This Conspiracy Theory Ticks all the Boxes

Government out to get us. Check.
Evil Scientists working to depopulate the Planet. Check.
Bill Gate’s looking for new ways to inject you with poisonous “vaccines”. Check.
Climate change? What climate change?
Check. Check. and Check.

Grist:

“Tell you what,” Drew Maciel told his Instagram followers in April, “I’m sick of finding dead moose.” He zoomed in on a dead bull moose lying prone on the ground, running the camera over clusters of ticks nestled within every crevice of the corpse.

Maciel is a shed hunter, meaning he collects antlers that have been naturally “shed” by wildlife. But a winter tick feeding frenzy in Maine, driven by rising temperatures, means that this year he kept finding dead animals. Up to 90 percent of the moose calves tracked by scientists in recent years have been bled to death by ticks — an ongoing crisis in a state that prizes these largest of all deer species.

But where scientists see the hand of climate change at work — average temperatures in Maine have risen 3 degrees Fahrenheit since 1985 — others see the designs of a global cabal. 

“Human engineered biological warfare,” read a comment on Maciel’s video posted by Dries Van Langenhove, a far-right former member of the Belgian government who was recently convicted of violating the country’s Holocaust denial laws. The comment got 32,000 likes. “It’s Bill Gates,” someone else posted.  

These posts are part of a wave of tick-related conspiracy theories garnering millions of views online. In April, a self-proclaimed holistic doctor on Instagram claimed to have spoken with multiple farmers in the Midwest who told her that they were finding boxes of ticks dumped on their properties. “Something is happening with ticks right now, and farmers are starting to talk,” she posted alongside a video that got 10 million viewsacross Facebook, Instagram, and TikTok. The MAHA Moms Coalition, a nationwide group inspired by the Trump administration’s Make America Healthy Again agenda, reposted the claim asking affected farmers to come forward. 

The theory dates back to 2023, with viral claims that Pfizer and Valneva, pharmaceutical companies developing a vaccine for Lyme disease, were planting boxes of ticks on farms to drum up demand for their product. 

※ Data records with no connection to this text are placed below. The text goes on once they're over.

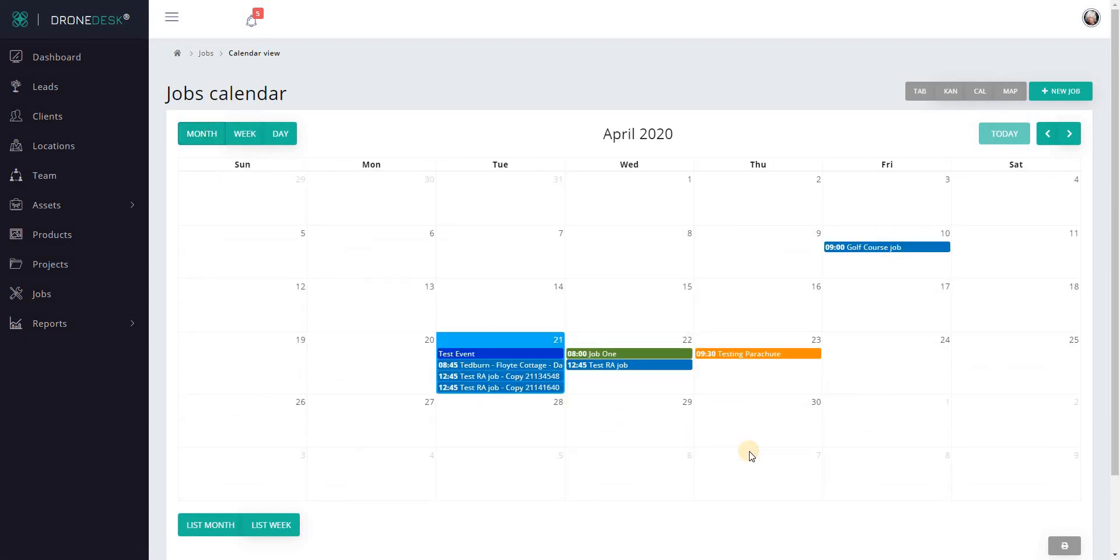That just about covers the functionality that's available in the calendar at the moment. It's only shown on this page, but at some point I'll integrate it into the dashboard so that you get a diary view of what's coming up for the week ahead whenever you access the dashboard. Thanks for watching, I'll see you soon.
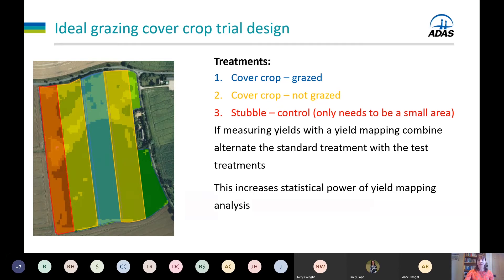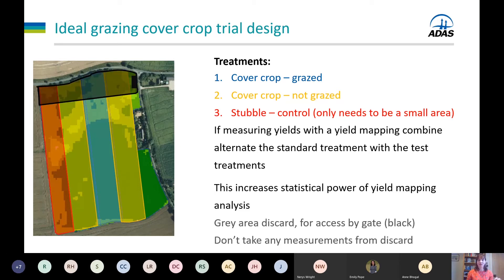We do have to consider the practical implications of a trial involving livestock. For instance, wherever your gate is, you may need a discard area so you can pass back and forth to access the sheep and provide water — and from that area you wouldn't take any measurements. If you have run-back areas of grass for the sheep, that would also need to be factored into the layout, but we can talk you through that and work it out together.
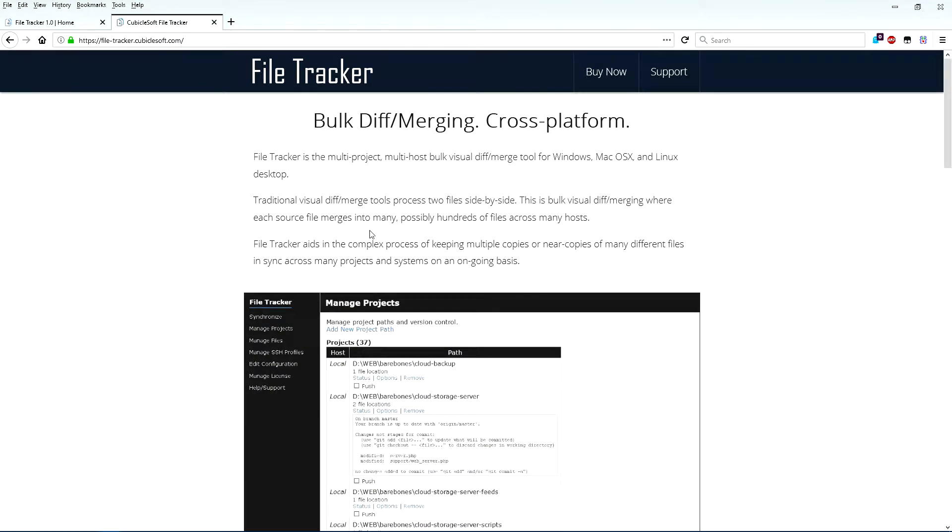Hello! In this video I'm going to cover CubicleSoft FileTracker, the multi-project, multi-host, bulk visual diff-merge tool for Windows, Mac OS X, and Linux.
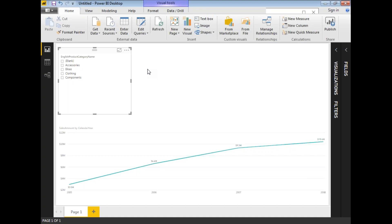Now I can again see 3 million in 2005, 6.6 million in 2006, 9.3 million in 2007, and 10.4 million in 2008. This is how we draw a line chart in Power BI. In this example we covered an individual line chart and a line chart with a slicer, showing how to apply a slicer or selection filter to your line chart visualization.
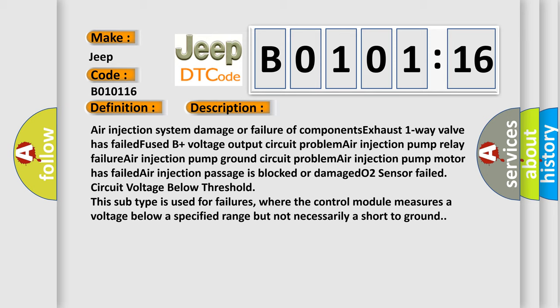Air injection pump Relay failure, Air injection pump Ground circuit problem, Air injection pump Motor has failed, Air injection passage Is blocked or damaged, O2 sensor Failed, circuit voltage Below threshold.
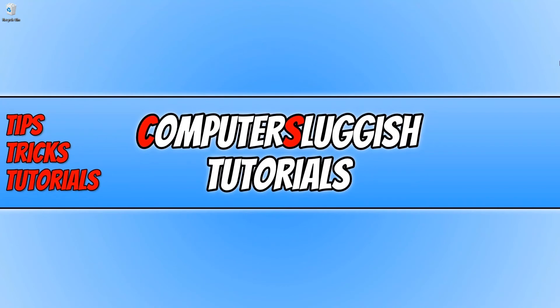I hope you enjoyed this video and it did help. If you did, hit the like button below and subscribe for more computer sluggish tutorials.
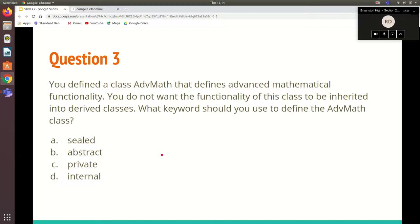Question three: you define a class advmath that defines advanced mathematical functionality. You do not want the functionality of this class to be inherited into a derived class — you can only instantiate it directly into objects. What keyword should you use to define the advmath class? A: sealed, B: abstract, C: private, or D: internal. Someone says abstract, Connor says A — sealed.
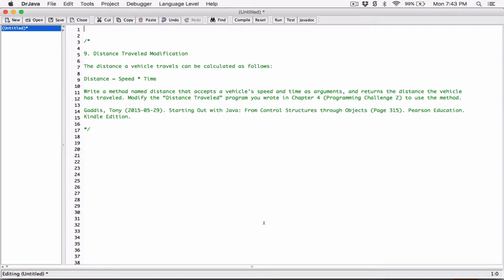Hello everyone. The next program in chapter 5 is distance traveled modification. The distance a vehicle travels can be calculated as follows: distance is equal to speed times time. We need to write a method named distance that accepts vehicle speed and time as arguments and returns the distance the vehicle has traveled, then modify the distance traveled program from chapter 4, program challenge 2, to use the method.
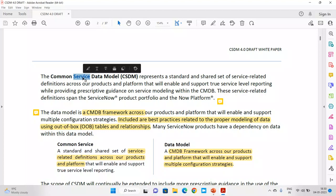CSDM represents a standard and shared set of service-related definitions across products and platform. Let's understand this in a simple manner. Let's say I am a service provider — an IT department — giving laptops to IT, finance, HR, and legal. Now for everybody, at the end of the day I have to prepare reports on availability, cost, and so on. If I do this exercise on different levels for each department, it becomes a very cumbersome task. To overcome this problem, ServiceNow introduced this concept of 'service,' which is also a basic concept in ITIL.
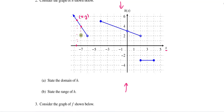Likewise, if I were to project other points down into the x-axis, those are part of the domain as well. One thing to notice is that x equals negative 6 is not in the domain of this function. So if I were to smash the first line segment down onto the x-axis, these would be the corresponding x-coordinates that relate to those points on the graph.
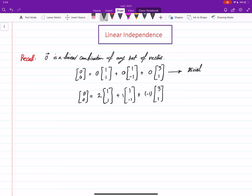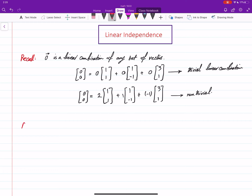This is called the trivial linear combination. But if at least one of these coefficients is non-zero, we call it a non-trivial linear combination. So zero can be written as a linear combination of any set of vectors because there is always a trivial way of writing that, and sometimes there are cases where you can also write non-trivial linear combinations to get zero.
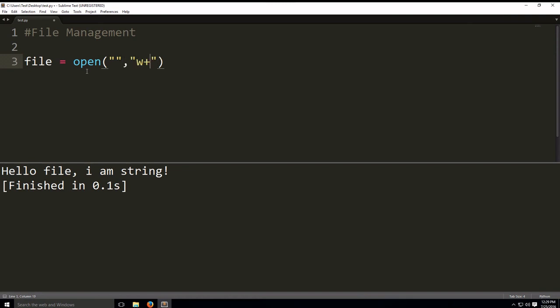This means we can write, read and write with this file. Opens a file for both reading and writing. We also have something called wb, which opens the file in binary format. But we won't be using that, so we're going to be using w plus, reading and writing, to demonstrate how this works.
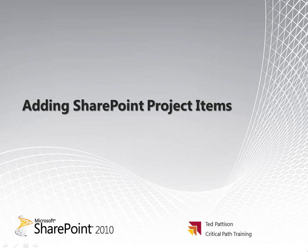Hi, I'm Ted Pattison of Critical Path Training. In this video screencast tutorial, I'm going to show you how to work with SharePoint projects and add SharePoint project items. Let's go ahead and get started.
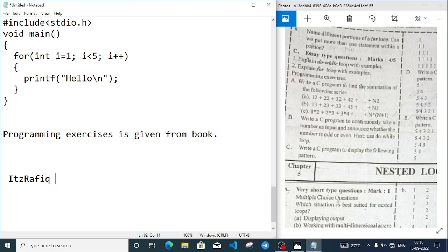In the next video we will discuss nested loops in C programming - chapter 5. For today's video, this much only. Thank you for watching, see you in a new video. Till then take care and bye.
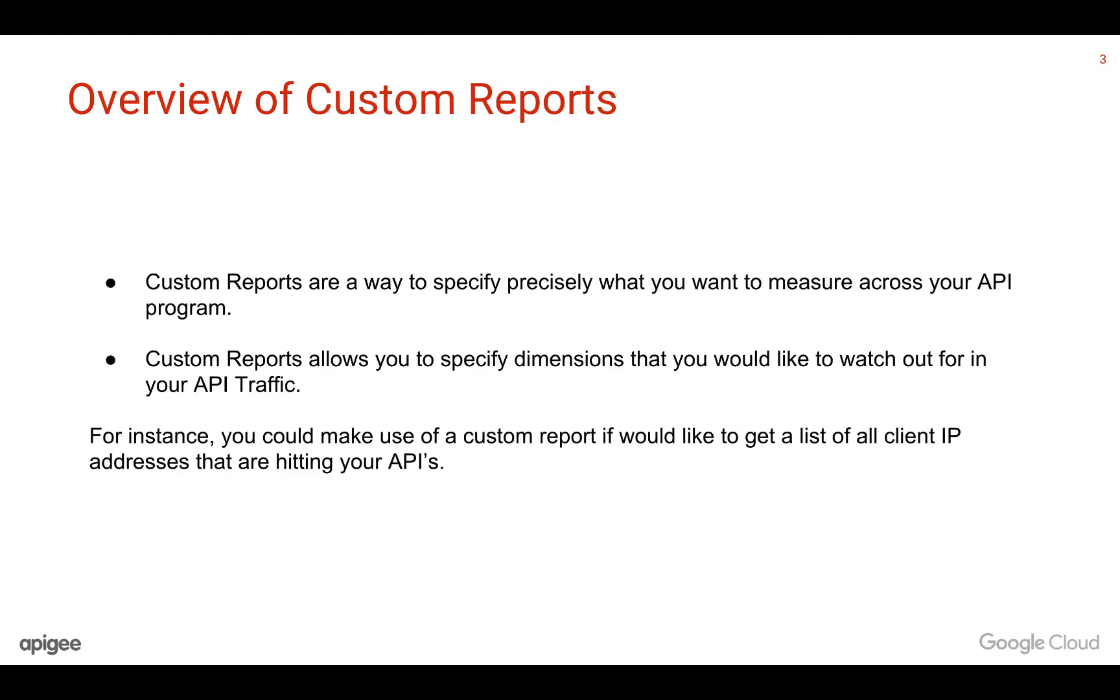Custom Reports give you a way to view API Analytics data that you are interested in. It enables you to get the data that you would like to see. There are a lot of dimensions that you can choose from to get the exact data that you want to know about your API traffic, clients, developers, errors, etc.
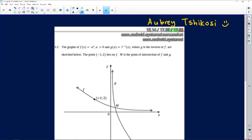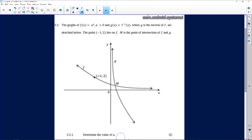This question comes from Obri Chikosi and is based on functions and inverses. We are told the graph of f(x) equals a to the power of x, where a is greater than zero, and g(x) is the inverse of f, sketched below. The point negative one, two lies on f, and m is the point of intersection of f and g. The first question asks us to determine the value of a.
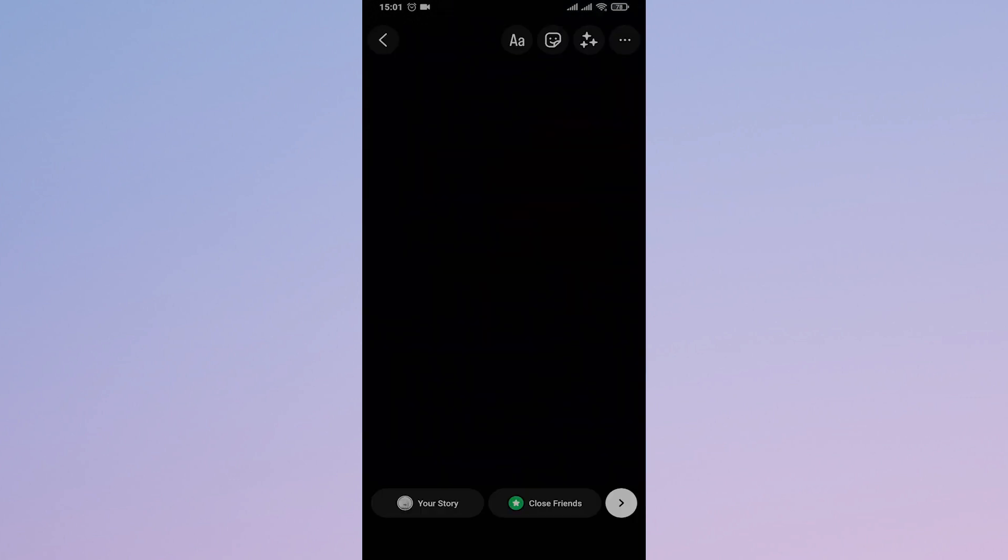When you upload any story on your Instagram, whether it be photos or videos, you should be able to see the 3 dots on the top right of the screen and from here you can either draw or save the video or the photo.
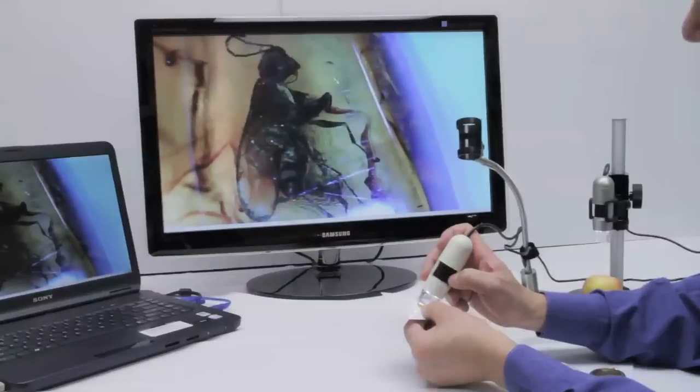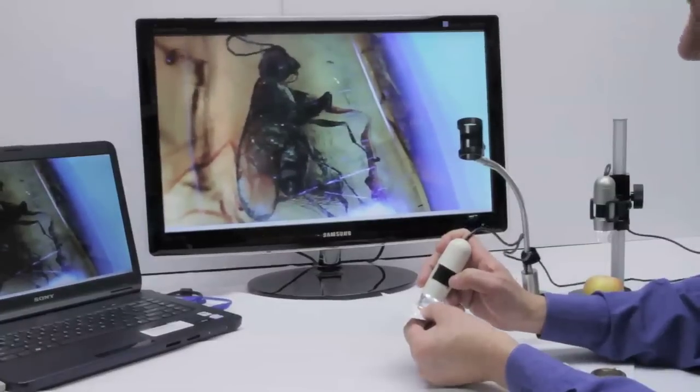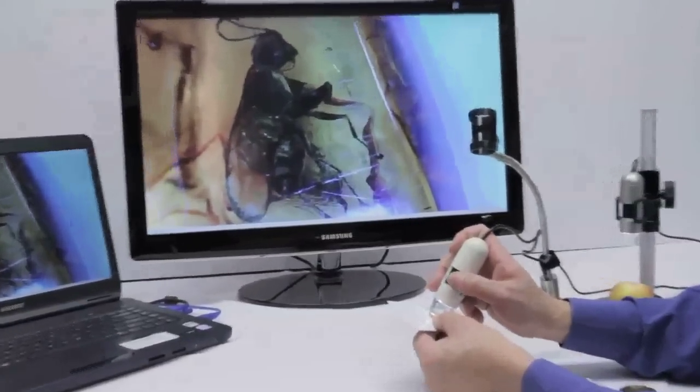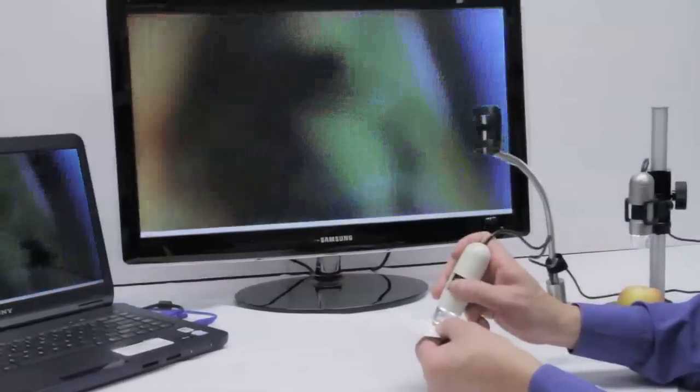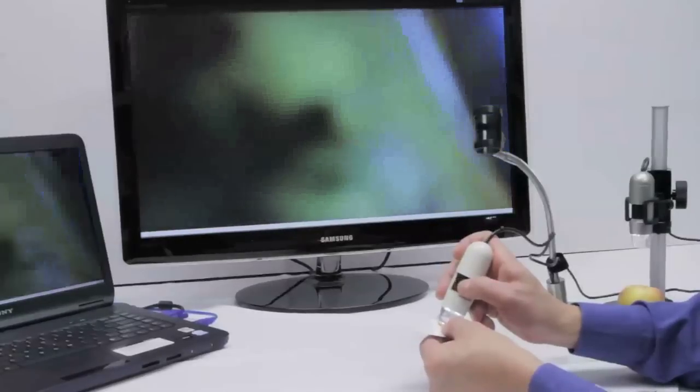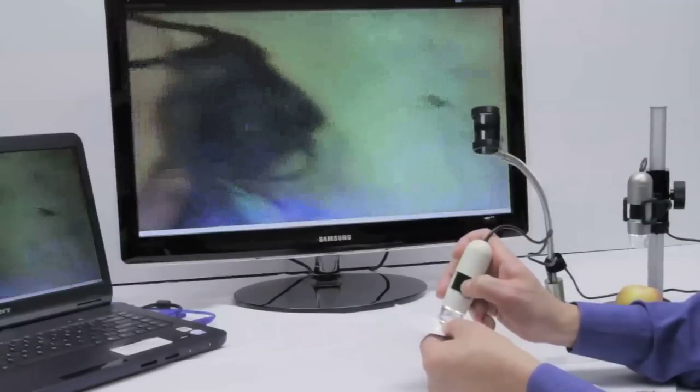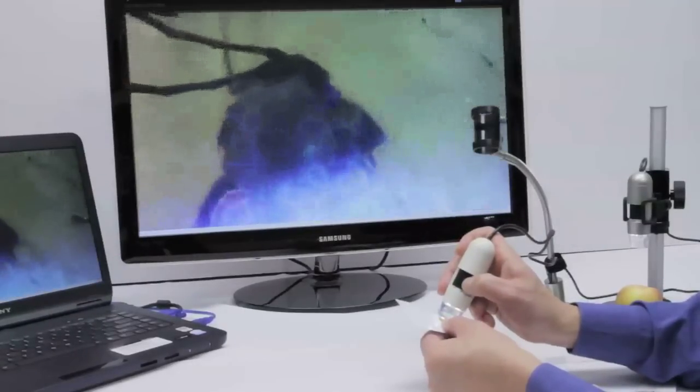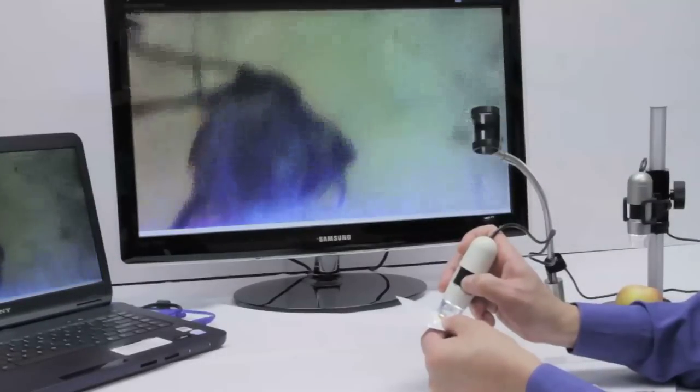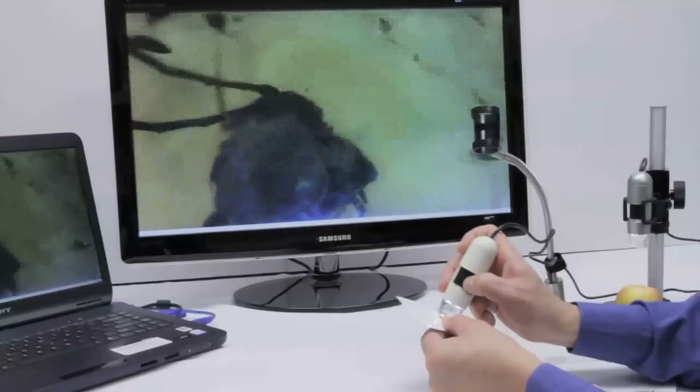And when using by hand at a zero working distance, so touching the object, we can achieve 50 as well as 200 times the magnification.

separate theory that gained traction around the same time linked a British research program to genetically modify cattle ticks, funded in part by the Bill and Melinda Gates Foundation, to rising cases of red meat allergies in the U.S. The biggest problem with that theory is that the allergy, Alpha-gal syndrome, is caused by the bite of a Lone Star tick — a completely different species from the cattle ticks in the research program. 

While all these conspiracies involve different ticks, different diseases, and different alleged culprits, they are often treated as interchangeable evidence of the same broader claim: that rising tick encounters are a part of a nefarious human plot. 

The theories are right about one thing: Ticks are getting worse. Some of the same ecological changes fueling Maine’s winter tick boom are also making tick encounters more common in broad swaths of the U.S. The arachnids are showing up earlier in the year, expanding into new terrain, and biting people more often than they used to. But the force driving those shifts is not a clandestine bioweapons program, a vaccine plot, or Bill Gates — it’s climate change. 

Snopes:

  • Beginning in March 2026, social media users shared a rumor originating from a person identifying herself as a holistic doctor named Sarah Outlaw, whose posts claimed “farmers are reporting boxes of ticks being found in fields. This should concern you.”
  • In short, no evidence supported the rumor. Outlaw was unable to provide any proof to confirm the claim, saying only she received the information from a colleague, as opposed to directly from farmers as she had first said in her posts. She declined to provide any further details, citing others’ privacy, beyond alleging farmers reported tick boxes specifically in Missouri.
  • Snopes reached out to hundreds of Missouri officials to ask whether they received any information regarding farmers finding boxes of ticks. As of this writing, no city or county officials confirmed any such reports, and more than three dozen counties said they had either received no reports of boxes of ticks or were unaware of any such activity.